As long as they’ve known each other, how in the heck has Takagi never even met Kaya’s parents? I guess her father isn’t around much. Well, it’s moot for now, as they can’t even ask permission to get married unless Ashirogi Muto gets serialized. If they fail, there will be no dreams for anyone. Yet another setback befalls them as their submission lacked the intensity of their NEXT one-piece. They complain about Miura once more, but witnessing Takahama get reamed out by the chief forces them to give Miura a break and focus on making their work better. As the chief says, complaining about one’s editor is just trying making excuses for one’s own shortcomings.
Speaking of talent, Nakai is throwing his away, after a hat trick of unfortunate events: Takahama’s manga being cancelled, Katou refusing to enter into a “special relationship” (despite the fact she still seems to like him), and Aoki refusing to let him come crawling back. As usual, his friends swoop in to try to mend fencs, but he leaves. At least the guy acknowledges he was a dick. Back to talent, Hattori and Yuujirou may have just built a dream team in Iwase and Niizuma. One can’t forget just how amazing a talent Niizuma is, and when he’s fired up by quality story, his rivals had better watch out. Mashiro and Takagi really need to dig deep, or Takagi may find the girl he scorned surpassing him.
Miyoshi stays away from the studio, and when Takagi calls her she blows him off. Busy with their gag manga manuscript, they continue working. When Miyoshi tells Miho about her suspicions, Miho worries that Mashiro is in on the deception as well. “Tanto” is well recieved in NEXT, but Fukuda, Niizuma, and Hattori all believe Ashirogi Muto’s talents are wasted on gag manga. Meanwhile, Aoki’s manga draws heavily from her experience with Nakai and rips off Mashiro and Miho’s romance. Miho finally calls Takagi wanting an explanation from both of them. When Mashiro can’t give her one, she hangs up.
Yikes…the hole just got deeper for Ashirogi Muto, as both are caught up in Takagi’s multi-girl carousel…and for what? While “Tanto” looks to be serialized, everyone who knows them best are disappointed they’re not doing more serious work. To that, we’d argue they already tried that and failed, and right now they just need a hit; and to us it seems looking down at gag manga is akin to novelists looking down on mangakas. But as they hunch over their desks working on “Tanto”, all kinds of things are being set in motion in their real lives. It kind of sucks that the letter Iwase put in Takagi’s book is such an obvious plot device for romantic conflict, but it was really a catalyst for bigger problems.

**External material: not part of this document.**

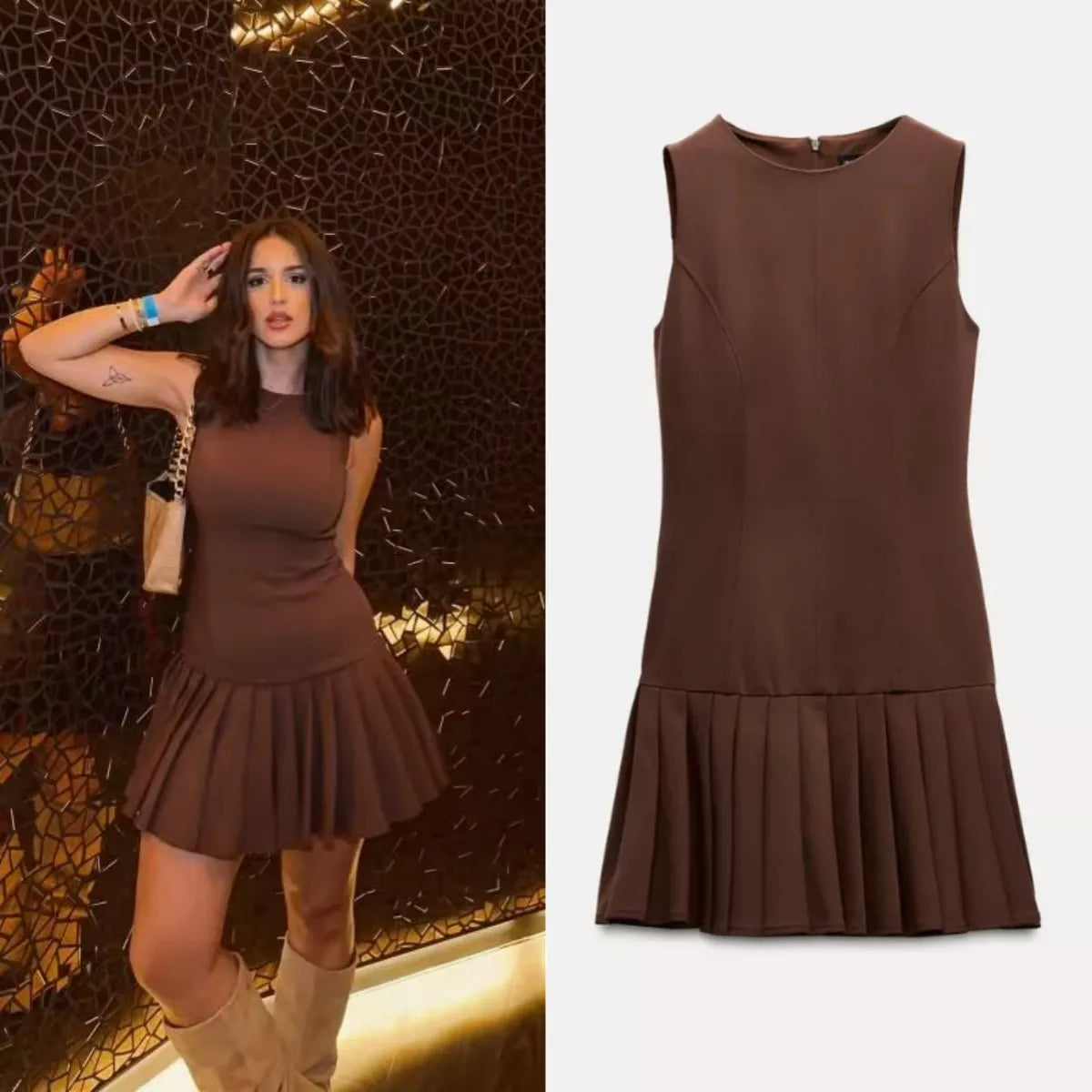 3D Cutout Mini Dress Pleated Skirt Brown Sleeveless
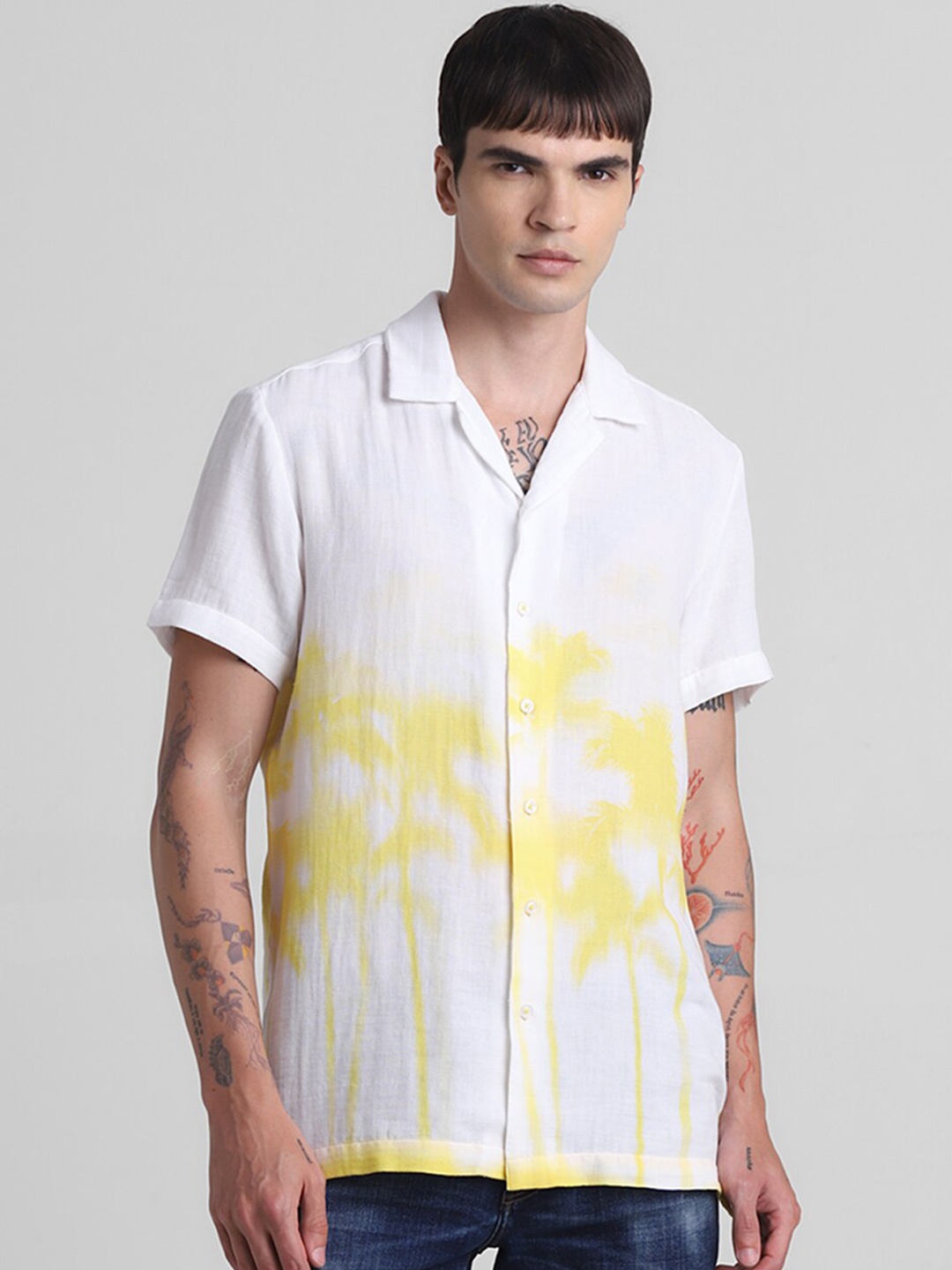 

Jack & Jones Abstract Printed Spread Collar Casual Shirt, White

Takagi and Mashiro have been taking advantage of Miyoshi’s kindness. And with Aoki exhibiting signs that she may be falling for Takagi, and the fact her manga so closely mirrors Mashiro and Miho’s story, compound the problems quite a bit. We’re as disappointed as Miho when Mashiro conceals the truth from her. If all four people simply sat in a room and unraveled everything – without omissions or lies – everything would be cleared up. After all, it started innocently as Takagi seeking the advice from someone who better understood girls. As for Mashiro failing to tell Miho that her mother and his uncle exchanged letters, well, bad move. And more ammunition for Miho’s assertion she can’t trust him.
Ashirogi decides to do a new gag one-shot in NEXT, something suitible for all ages unlike Ten. A discussion of animal characters leads Takagi to the zoo, where he bumps into Aoki. She agrees to help him understand girls if he helps her understant boys. They proceed to have two long phone conversations two straight nights, leading Miyoshi to become suspicious. When Aoki asks Takagi to meet her at the zoo again, he’s surprised to find Aiko there as well, who wants to confront him. They argue about the merits of manga verses novels, and in the end, Aiko decides she’ll do a manga that will surpass his own. While cleaning the studio, Miyoshi finds a note from Aiko hidden in the novel she gave him, and she runs out in tears.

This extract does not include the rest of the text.